The United States Court of Appeals for the Seventh Circuit has held that (i) there is no private cause of action to enforce Section 1681m of the federal Fair Credit Reporting Act and (ii) a bank’s preapproved credit card offer constituted a “firm offer of credit” under the FCRA. Perry v. First Nat’l Bank, 2006 WL 2456774 (7th Cir. 2006). The case arose from a class action complaint filed against First National Bank alleging a violation of Section 1682m(d) of the FCRA for failure to include a clear and conspicuous statement of certain disclosures required by the FCRA. The district court granted the Bank’s motion for summary judgment, finding that there was no private right of action to enforce Section 1681m. The district court also denied Perry’s motion to amend the complaint to allege that the Bank’s preapproved offer was a sham, and not a “firm offer of credit” under the FCRA.

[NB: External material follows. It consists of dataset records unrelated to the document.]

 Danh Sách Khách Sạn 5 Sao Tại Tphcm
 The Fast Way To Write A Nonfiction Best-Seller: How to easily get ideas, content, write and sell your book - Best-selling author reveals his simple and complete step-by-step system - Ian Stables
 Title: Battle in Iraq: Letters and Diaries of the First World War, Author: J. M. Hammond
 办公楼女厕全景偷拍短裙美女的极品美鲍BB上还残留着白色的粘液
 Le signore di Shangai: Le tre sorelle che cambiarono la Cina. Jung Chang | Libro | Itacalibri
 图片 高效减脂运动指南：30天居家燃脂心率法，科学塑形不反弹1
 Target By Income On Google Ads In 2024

In affirming the district court’s ruling on the summary judgment motion, the appellate court found that the Fair and Accurate Credit Transactions Act’s addition of Section 1681m(h)(8) to the FCRA precluded private enforcement of Section 1681m in its entirety, not just Section 1681m(h), as argued by Perry. The court reached its conclusion based on the unambiguous use of the word “section” in Section 1681m(h)(8), which the court found referred to Section 1681m as a whole. In doing so, it rejected Perry’s arguments regarding placement and redundancy as reasons for limiting the word “section” to Section 1681m(h). The court also noted that nearly every district court to consider the issue has found that Section 1681m(h)(8) bars private enforcement of Section 1681m in its entirety. As to the one exception, Barnette v. Brook Road, Inc., 429 F. Supp.2d 741(E.D. Va. 2006), the court specifically rejected its interpretation.

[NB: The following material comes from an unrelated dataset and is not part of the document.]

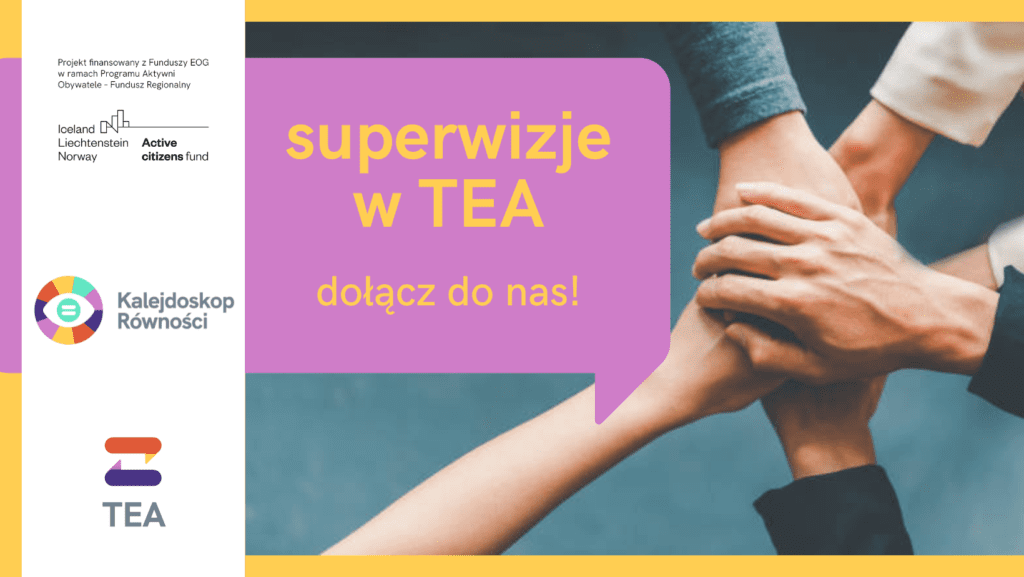 Grafika przedstawia ręce różn ych osób złączone razem i napis: superwizje w TEA, dołącz do nas! Na grafice znajdują się też logotypy grantodawcy, projektu i  TEA.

In affirming the district court’s ruling on the motion to amend the complaint, the appellate court found the preapproved credit card offer to be a “firm offer of credit” under the FCRA. Perry argued that under the court’s decision in Cole v. U.S. Capital, 389 F.3d 719 (7th Cir. 2004), the Bank’s offer, which consisted of a relatively small amount of credit ($250) and comparatively large fees ($184), was not a firm offer of credit. The court, however, distinguished the facts of the present case from Cole, finding that, unlike the offer in Cole, the Bank’s offer clearly stated that it was preapproved, the interest rate was clearly stated and the line of credit, although low, could be used to purchase products anywhere Visa is accepted. The court noted that this latter fact made the offer vastly different than the offer examined in Cole , which limited the use of the $300 of credit offered to the purchase of a motor vehicle at a particular dealership. The court recognized that although the offer was “not an attractive deal for the great majority of consumers,” the card was not without value. (Notably, a strong dissent was filed in which the dissenter concluded that the Bank’s offer was not a legitimate credit product, but rather a “sales pitch” for an “unconscionably one-sided financial deal that defies a reasonable concept of sufficient value.”) Finally, the court found that the offer, unlike the offer in Cole, was not a “guise for solicitation,” as the only product offered was a line of credit. The decision is a positive one for creditors, particularly in the fact that the court finds a “firm offer of credit” in an offer that has value only for a limited group of consumers.